__DIRECTIONS FOR THIS TASK__
From the listing below, copy only the lines running from the line that contains "Бинти боксерські еластичні" to the line that contains "Adult Pediatric Digital", both included.

__AVAILABLE RECORDS__

—————

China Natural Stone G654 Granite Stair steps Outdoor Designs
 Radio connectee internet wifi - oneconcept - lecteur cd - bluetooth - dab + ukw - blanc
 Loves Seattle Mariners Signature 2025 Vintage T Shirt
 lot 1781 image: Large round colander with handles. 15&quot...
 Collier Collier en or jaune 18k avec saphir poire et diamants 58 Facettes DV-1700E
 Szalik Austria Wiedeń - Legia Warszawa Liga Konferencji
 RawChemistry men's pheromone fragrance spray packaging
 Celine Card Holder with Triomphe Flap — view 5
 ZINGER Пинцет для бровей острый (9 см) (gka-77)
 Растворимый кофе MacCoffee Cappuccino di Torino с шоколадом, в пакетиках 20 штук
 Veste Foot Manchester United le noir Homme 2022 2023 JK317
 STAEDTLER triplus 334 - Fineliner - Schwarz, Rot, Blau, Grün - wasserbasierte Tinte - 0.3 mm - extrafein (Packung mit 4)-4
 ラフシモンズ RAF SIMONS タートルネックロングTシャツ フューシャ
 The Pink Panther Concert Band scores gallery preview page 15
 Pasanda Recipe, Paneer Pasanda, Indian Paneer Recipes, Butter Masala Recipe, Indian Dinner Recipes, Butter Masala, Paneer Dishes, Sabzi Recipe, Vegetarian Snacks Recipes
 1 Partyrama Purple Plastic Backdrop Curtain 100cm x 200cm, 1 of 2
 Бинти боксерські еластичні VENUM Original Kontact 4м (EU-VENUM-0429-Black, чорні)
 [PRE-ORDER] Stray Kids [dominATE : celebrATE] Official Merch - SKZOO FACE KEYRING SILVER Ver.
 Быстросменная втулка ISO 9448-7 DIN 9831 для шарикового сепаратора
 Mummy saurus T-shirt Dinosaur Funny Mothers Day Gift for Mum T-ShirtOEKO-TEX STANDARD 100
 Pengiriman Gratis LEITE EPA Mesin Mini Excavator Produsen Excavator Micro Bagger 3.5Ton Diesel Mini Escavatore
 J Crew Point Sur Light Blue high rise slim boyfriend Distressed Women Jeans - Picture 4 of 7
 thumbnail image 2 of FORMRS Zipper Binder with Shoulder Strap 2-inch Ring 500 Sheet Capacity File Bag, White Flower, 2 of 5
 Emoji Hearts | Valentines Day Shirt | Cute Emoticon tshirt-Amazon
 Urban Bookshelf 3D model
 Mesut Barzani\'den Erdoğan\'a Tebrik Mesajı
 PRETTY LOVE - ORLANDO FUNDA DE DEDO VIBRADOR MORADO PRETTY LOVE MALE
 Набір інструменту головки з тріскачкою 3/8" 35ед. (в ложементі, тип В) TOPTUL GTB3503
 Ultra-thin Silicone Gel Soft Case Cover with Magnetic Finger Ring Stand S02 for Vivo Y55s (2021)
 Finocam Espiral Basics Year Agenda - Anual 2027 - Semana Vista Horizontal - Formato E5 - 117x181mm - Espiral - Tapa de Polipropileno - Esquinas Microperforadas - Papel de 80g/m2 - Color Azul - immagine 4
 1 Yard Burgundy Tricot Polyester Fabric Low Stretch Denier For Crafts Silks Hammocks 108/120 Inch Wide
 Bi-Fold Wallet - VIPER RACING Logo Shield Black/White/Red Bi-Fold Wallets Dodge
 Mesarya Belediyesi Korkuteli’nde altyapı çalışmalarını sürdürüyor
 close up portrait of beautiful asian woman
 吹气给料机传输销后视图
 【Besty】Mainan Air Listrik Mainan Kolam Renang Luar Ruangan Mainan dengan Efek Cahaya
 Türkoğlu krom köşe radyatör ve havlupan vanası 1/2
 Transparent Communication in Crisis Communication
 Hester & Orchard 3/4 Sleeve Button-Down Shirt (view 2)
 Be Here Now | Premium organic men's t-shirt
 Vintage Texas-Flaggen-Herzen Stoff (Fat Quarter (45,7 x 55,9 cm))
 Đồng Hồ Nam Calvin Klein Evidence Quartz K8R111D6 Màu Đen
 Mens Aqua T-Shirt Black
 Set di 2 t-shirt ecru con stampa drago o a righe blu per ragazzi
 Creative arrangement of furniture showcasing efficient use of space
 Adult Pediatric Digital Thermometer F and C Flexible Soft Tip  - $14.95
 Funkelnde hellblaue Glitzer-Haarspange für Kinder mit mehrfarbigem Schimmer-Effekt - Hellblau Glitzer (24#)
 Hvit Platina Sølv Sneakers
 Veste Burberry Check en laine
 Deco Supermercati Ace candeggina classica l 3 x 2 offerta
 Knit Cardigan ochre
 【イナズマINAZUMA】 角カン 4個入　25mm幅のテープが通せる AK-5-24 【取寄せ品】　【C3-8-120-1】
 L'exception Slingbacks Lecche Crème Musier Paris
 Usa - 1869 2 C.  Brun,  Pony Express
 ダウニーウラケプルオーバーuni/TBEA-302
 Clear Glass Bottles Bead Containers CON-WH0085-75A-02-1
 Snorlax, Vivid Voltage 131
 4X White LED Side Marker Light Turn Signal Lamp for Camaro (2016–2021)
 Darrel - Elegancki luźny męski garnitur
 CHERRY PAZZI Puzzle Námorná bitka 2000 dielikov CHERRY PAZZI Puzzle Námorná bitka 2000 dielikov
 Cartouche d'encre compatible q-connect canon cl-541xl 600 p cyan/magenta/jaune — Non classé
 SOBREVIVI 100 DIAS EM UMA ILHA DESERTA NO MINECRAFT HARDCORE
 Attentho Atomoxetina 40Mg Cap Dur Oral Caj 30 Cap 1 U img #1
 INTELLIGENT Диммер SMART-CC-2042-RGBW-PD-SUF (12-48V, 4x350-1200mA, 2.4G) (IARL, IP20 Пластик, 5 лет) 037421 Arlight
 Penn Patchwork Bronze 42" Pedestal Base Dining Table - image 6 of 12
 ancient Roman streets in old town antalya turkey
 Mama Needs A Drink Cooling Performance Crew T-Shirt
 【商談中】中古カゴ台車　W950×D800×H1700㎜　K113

—————

__TASK RESPONSE__
 Бинти боксерські еластичні VENUM Original Kontact 4м (EU-VENUM-0429-Black, чорні)
 [PRE-ORDER] Stray Kids [dominATE : celebrATE] Official Merch - SKZOO FACE KEYRING SILVER Ver.
 Быстросменная втулка ISO 9448-7 DIN 9831 для шарикового сепаратора
 Mummy saurus T-shirt Dinosaur Funny Mothers Day Gift for Mum T-ShirtOEKO-TEX STANDARD 100
 Pengiriman Gratis LEITE EPA Mesin Mini Excavator Produsen Excavator Micro Bagger 3.5Ton Diesel Mini Escavatore
 J Crew Point Sur Light Blue high rise slim boyfriend Distressed Women Jeans - Picture 4 of 7
 thumbnail image 2 of FORMRS Zipper Binder with Shoulder Strap 2-inch Ring 500 Sheet Capacity File Bag, White Flower, 2 of 5
 Emoji Hearts | Valentines Day Shirt | Cute Emoticon tshirt-Amazon
 Urban Bookshelf 3D model
 Mesut Barzani\'den Erdoğan\'a Tebrik Mesajı
 PRETTY LOVE - ORLANDO FUNDA DE DEDO VIBRADOR MORADO PRETTY LOVE MALE
 Набір інструменту головки з тріскачкою 3/8" 35ед. (в ложементі, тип В) TOPTUL GTB3503
 Ultra-thin Silicone Gel Soft Case Cover with Magnetic Finger Ring Stand S02 for Vivo Y55s (2021)
 Finocam Espiral Basics Year Agenda - Anual 2027 - Semana Vista Horizontal - Formato E5 - 117x181mm - Espiral - Tapa de Polipropileno - Esquinas Microperforadas - Papel de 80g/m2 - Color Azul - immagine 4
 1 Yard Burgundy Tricot Polyester Fabric Low Stretch Denier For Crafts Silks Hammocks 108/120 Inch Wide
 Bi-Fold Wallet - VIPER RACING Logo Shield Black/White/Red Bi-Fold Wallets Dodge
 Mesarya Belediyesi Korkuteli’nde altyapı çalışmalarını sürdürüyor
 close up portrait of beautiful asian woman
 吹气给料机传输销后视图
 【Besty】Mainan Air Listrik Mainan Kolam Renang Luar Ruangan Mainan dengan Efek Cahaya
 Türkoğlu krom köşe radyatör ve havlupan vanası 1/2
 Transparent Communication in Crisis Communication
 Hester & Orchard 3/4 Sleeve Button-Down Shirt (view 2)
 Be Here Now | Premium organic men's t-shirt
 Vintage Texas-Flaggen-Herzen Stoff (Fat Quarter (45,7 x 55,9 cm))
 Đồng Hồ Nam Calvin Klein Evidence Quartz K8R111D6 Màu Đen
 Mens Aqua T-Shirt Black
 Set di 2 t-shirt ecru con stampa drago o a righe blu per ragazzi
 Creative arrangement of furniture showcasing efficient use of space
 Adult Pediatric Digital Thermometer F and C Flexible Soft Tip  - $14.95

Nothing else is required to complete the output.